"Mein Anspruch ist zu wachsen - mit guten Deals", sagte Weimer am Dienstag auf der Bilanzpressekonferenz in Frankfurt. Für Zukäufe habe der Dax-Konzern zwei Milliarden Euro in der Kasse und könne bei einer guten Übernahmegelegenheit zudem die Aktionäre um frisches Kapital bitten. "Natürlich haben wir den Anspruch, dass die LSE und andere nicht zu weit enteilen." Die London Stock Exchange (LSE) hatte im Sommer den Kauf des Datenanbieters Refinitiv für 27 Milliarden Dollar angekündigt.

Einen so großen Deal könne die Deutsche Börse nicht stemmen, denn dann verlöre sie das für die Tochter Clearstream nötige gute Rating, erklärte Weimer. Ob er jedoch größeren Zukäufe als in der Vergangenheit ins Auge fassen will, ließ er offen. In einer Branche, in der Zukäufe und Fusionen (M&A) eine immer stärkere Bedeutung erhielten, müsse man sich das Thema anschauen, sagte er lediglich und verwies auf den Kapitalmarkttag am 28. Mai. Dann will er seine neue Drei-Jahres-Strategie namens "Compass 2023" präsentieren.

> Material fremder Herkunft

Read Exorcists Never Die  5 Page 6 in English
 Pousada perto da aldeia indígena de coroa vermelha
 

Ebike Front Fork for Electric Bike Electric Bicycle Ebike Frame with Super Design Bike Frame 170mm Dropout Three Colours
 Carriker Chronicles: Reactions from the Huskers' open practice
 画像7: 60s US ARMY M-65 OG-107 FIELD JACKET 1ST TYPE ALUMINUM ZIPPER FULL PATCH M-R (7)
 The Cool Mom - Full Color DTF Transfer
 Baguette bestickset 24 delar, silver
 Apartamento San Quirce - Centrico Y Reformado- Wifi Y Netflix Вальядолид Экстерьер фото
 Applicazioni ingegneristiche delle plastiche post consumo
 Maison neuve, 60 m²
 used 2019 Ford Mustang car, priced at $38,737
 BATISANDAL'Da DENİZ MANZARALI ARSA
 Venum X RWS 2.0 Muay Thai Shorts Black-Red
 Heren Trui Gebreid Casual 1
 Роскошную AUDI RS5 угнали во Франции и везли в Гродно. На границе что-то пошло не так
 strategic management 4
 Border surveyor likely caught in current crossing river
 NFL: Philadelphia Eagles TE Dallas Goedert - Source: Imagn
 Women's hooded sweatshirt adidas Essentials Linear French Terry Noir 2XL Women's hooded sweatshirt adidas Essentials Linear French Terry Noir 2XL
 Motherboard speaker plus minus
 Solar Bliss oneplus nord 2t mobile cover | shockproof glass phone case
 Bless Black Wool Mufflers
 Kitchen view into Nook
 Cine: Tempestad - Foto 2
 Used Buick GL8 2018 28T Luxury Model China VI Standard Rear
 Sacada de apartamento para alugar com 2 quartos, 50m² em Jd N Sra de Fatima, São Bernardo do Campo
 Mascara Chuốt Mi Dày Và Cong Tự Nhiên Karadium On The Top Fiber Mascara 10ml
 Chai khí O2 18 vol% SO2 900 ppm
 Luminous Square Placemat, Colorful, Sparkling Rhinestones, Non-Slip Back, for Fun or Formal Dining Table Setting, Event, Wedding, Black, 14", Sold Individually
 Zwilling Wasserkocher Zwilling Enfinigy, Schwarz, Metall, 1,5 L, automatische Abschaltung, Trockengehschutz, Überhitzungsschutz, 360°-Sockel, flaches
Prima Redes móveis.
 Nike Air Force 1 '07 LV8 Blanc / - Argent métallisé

Zuletzt hatte die Deutsche Börse die UBS-Fondsvertriebsplattform Fondcenter für rund 360 Millionen Euro und Axioma für rund 850 Millionen Dollar übernommen. Axioma, einen Anbieter von Risikomanagement-Software, will der Konzern mit seinem Index-Geschäft verschmelzen und damit einen neuen Informationsanbieter aufbauen.

Weitere Ziele hat Weimer offenbar schon im Visier. Auf die Frage, ob er an der Devisenplattform Currenex interessiert sei, sagte der Börsenchef: "Wir werden uns in den Bereichen, in denen wir wachsen wollen, und dazu gehört das Devisengeschäft, auch die Dinge anschauen, die auf den Markt kommen". Auch das Italien-Geschäft der LSE würde sich die Deutsche Börse sicherlich anschauen, sollten die Londoner sich davon trennen wollen. Zur LSE gehört auch die Mailänder Börse.

NEUE STRATEGIE

Bei der neuen Strategie gehe es darum, an einzelnen Stellschrauben zu drehen. "Wir sehen angesichts der Entwicklung unserer Börse keinen Anlass, das Ruder herumzureißen oder die Richtung fundamental zu ändern. Unser Geschäftsmodell ist intakt", sagte der Börsenchef, dessen Vertrag erst vergangene Woche bis Ende 2024 verlängert worden war. So schaue sich die Börse die wachsende Bedeutung der Abwicklung von Wertpapieren per Blockchain ("Tokenisierung") an. "Das dürfen wir nicht an uns vorbeigehen lassen."

Im vergangenen Jahr profitierte die Börse von Zukäufen, neuen Produkten und der zunehmenden Verlagerung des außerbörslichen Handels auf Börsenplattformen. Dies trieb die Nettoerlöse um sechs Prozent auf 2,9 Milliarden Euro in die Höhe. Der bereinigte Konzerngewinn legte um zehn Prozent auf 1,1 Milliarden Euro zu. "Wir sind sehr zufrieden", sagte Weimer. "Wir haben unsere Wachstumsziele trotz widriger Marktumstände erfüllt." Die zyklisch bedingten Nettoerlöse - also die Umsätze, die von den Schwankungen an den Finanzmärkten und den Zinsen abhängen - seien sogar leicht rückläufig gewesen. Für dieses Jahr stellte Weimer einen Gewinnanstieg auf 1,2 Milliarden in Aussicht, die strukturell bedingten Nettoerlöse sollen erneut um mindestens fünf Prozent zulegen. Die Aktie der Börse stieg um 0,7 Prozent auf das Rekordhoch von 155,95 Euro.